> **PROBLEM TO SOLVE**
Please transcribe the data that follows exactly as given, leaving out every picture.

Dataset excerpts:
::::::::::

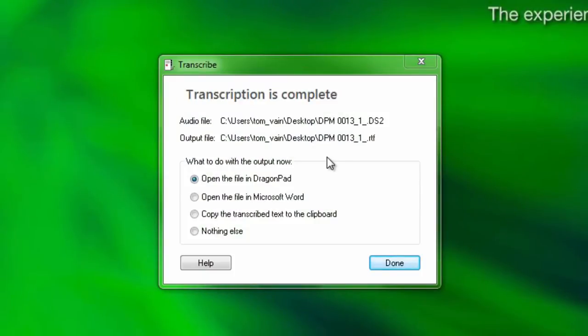Once Dragon has completed the transcription, you will be provided with a notification that the transcription is complete. Choose what to do with the output and then click Done.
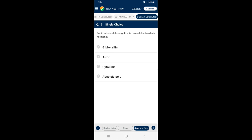Section B, Question 15: Rapid internodal elongation is caused due to which hormone? Gibberellin promotes rapid internodal elongation in genetically dwarf plants — this phenomenon is known as bolting. It also causes internodal elongation in plants like sugarcane, and is thus used to increase productivity of sugarcane. So the answer is option A — gibberellin.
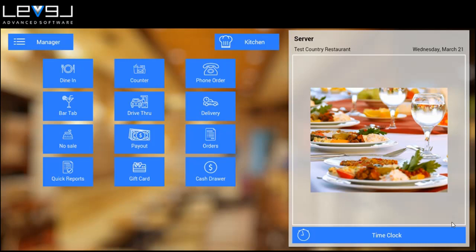The Level point-of-sale software offers a credit payment option called cash discount. This option will pass the merchant processing fee for credit card transactions onto the customer when they pay with credit. The customer's printed receipt will show the amount of the bill when paying with cash and the amount of the bill for non-cash payments. To implement the cash discount function, you'll need to speak with your Level sales representative so they can have your account set up properly.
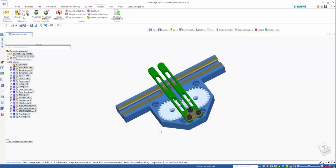So I hope you find this informative and another one of the great new features added into Solid Edge 2022.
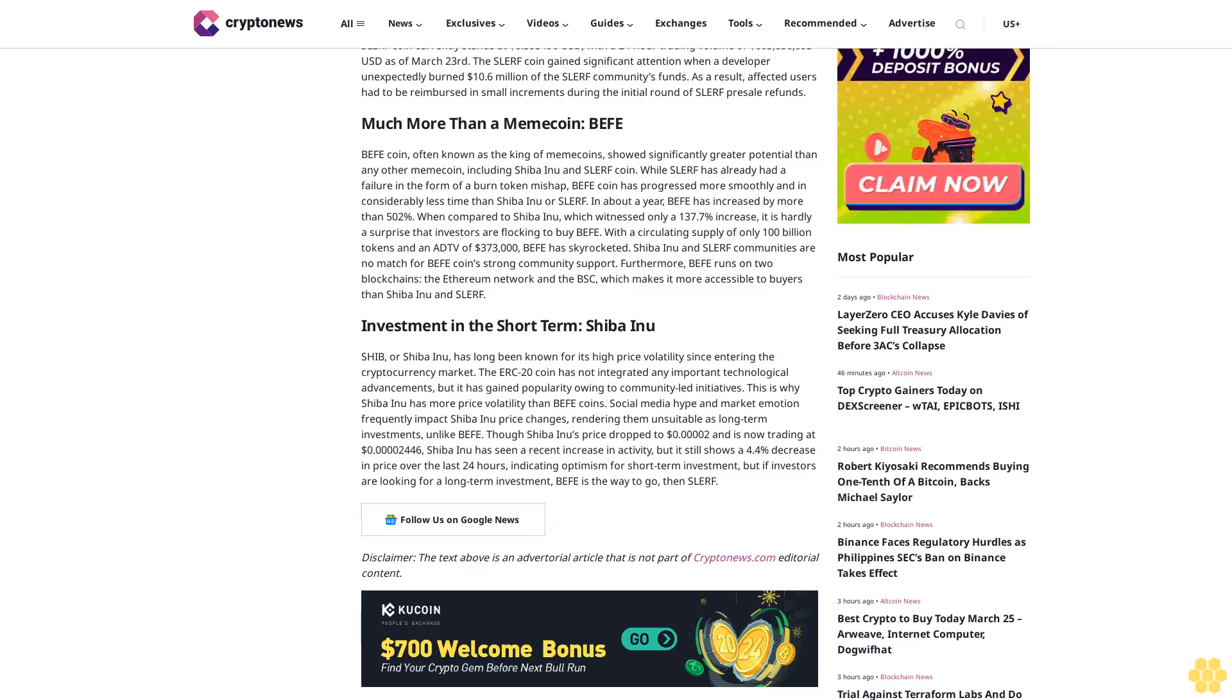Investment in the short term: Shiba Inu. SHIB, or Shiba Inu, has long been known for its high price volatility since entering the cryptocurrency market. The ERC20 coin has not integrated any important technological advancements, but it has gained popularity owing to community-led initiatives. This is why Shiba Inu has more price volatility than Buffett coins.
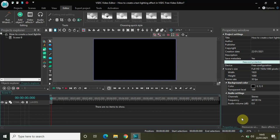Hey guys, welcome back to Next Gen Blogger. In this video I want to show you how you can create a text sliding effect in VSDC Free Video Editor. It is actually super easy to create a text sliding effect in VSDC and we will be making use of the shadow effect for that purpose. So without further delay, let's get started.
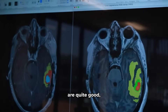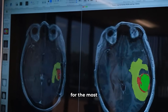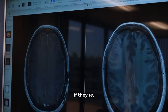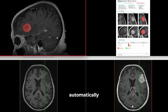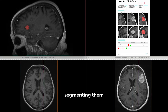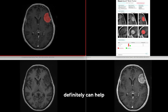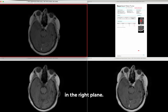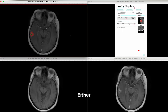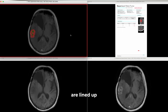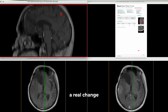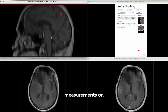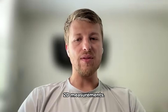Automated segmentation approaches are quite good for the most part, especially for lesions greater than five millimeters. By automatically segmenting them and tracking them across time, it definitely can help your workflow. You don't have to line up every image in the right plane — you can look at the segmentation, see that the lesions are lined up, and then quantitatively determine if there's a real change, rather than relying on subjective or imprecise 2D measurements.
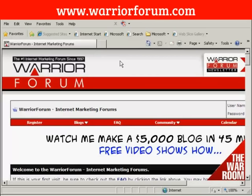The web forum I'm going to use for this demonstration is the Warrior Forum, which you'll find at www.warriorforum.com. It's an internet marketing forum, and it really is an excellent forum. So if you're not already a member, you can use what I'm going to show you in this video to sign up.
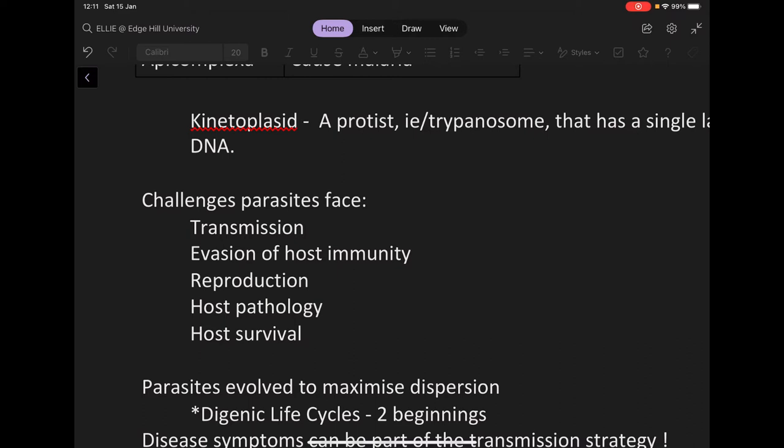A parasite also needs to evade the host immune system, because when a parasite enters you, the immune system will recognize it as foreign and start destroying it. It also needs to reproduce within the host, survive the host physiology — since the biology of a mosquito and a human are quite different — and adapt to survive in each environment.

::::::::::

> **TASK ANSWER**
Once Dragon has completed the transcription, you will be provided with a notification that the transcription is complete. Choose what to do with the output and then click Done.
Section B, Question 15: Rapid internodal elongation is caused due to which hormone? Gibberellin promotes rapid internodal elongation in genetically dwarf plants — this phenomenon is known as bolting. It also causes internodal elongation in plants like sugarcane, and is thus used to increase productivity of sugarcane. So the answer is option A — gibberellin.
The Level point-of-sale software offers a credit payment option called cash discount. This option will pass the merchant processing fee for credit card transactions onto the customer when they pay with credit. The customer's printed receipt will show the amount of the bill when paying with cash and the amount of the bill for non-cash payments. To implement the cash discount function, you'll need to speak with your Level sales representative so they can have your account set up properly.
So I hope you find this informative and another one of the great new features added into Solid Edge 2022.
Investment in the short term: Shiba Inu. SHIB, or Shiba Inu, has long been known for its high price volatility since entering the cryptocurrency market. The ERC20 coin has not integrated any important technological advancements, but it has gained popularity owing to community-led initiatives. This is why Shiba Inu has more price volatility than Buffett coins.
Hey guys, welcome back to Next Gen Blogger. In this video I want to show you how you can create a text sliding effect in VSDC Free Video Editor. It is actually super easy to create a text sliding effect in VSDC and we will be making use of the shadow effect for that purpose. So without further delay, let's get started.
Automated segmentation approaches are quite good for the most part, especially for lesions greater than five millimeters. By automatically segmenting them and tracking them across time, it definitely can help your workflow. You don't have to line up every image in the right plane — you can look at the segmentation, see that the lesions are lined up, and then quantitatively determine if there's a real change, rather than relying on subjective or imprecise 2D measurements.
The web forum I'm going to use for this demonstration is the Warrior Forum, which you'll find at www.warriorforum.com. It's an internet marketing forum, and it really is an excellent forum. So if you're not already a member, you can use what I'm going to show you in this video to sign up.
A parasite also needs to evade the host immune system, because when a parasite enters you, the immune system will recognize it as foreign and start destroying it. It also needs to reproduce within the host, survive the host physiology — since the biology of a mosquito and a human are quite different — and adapt to survive in each environment.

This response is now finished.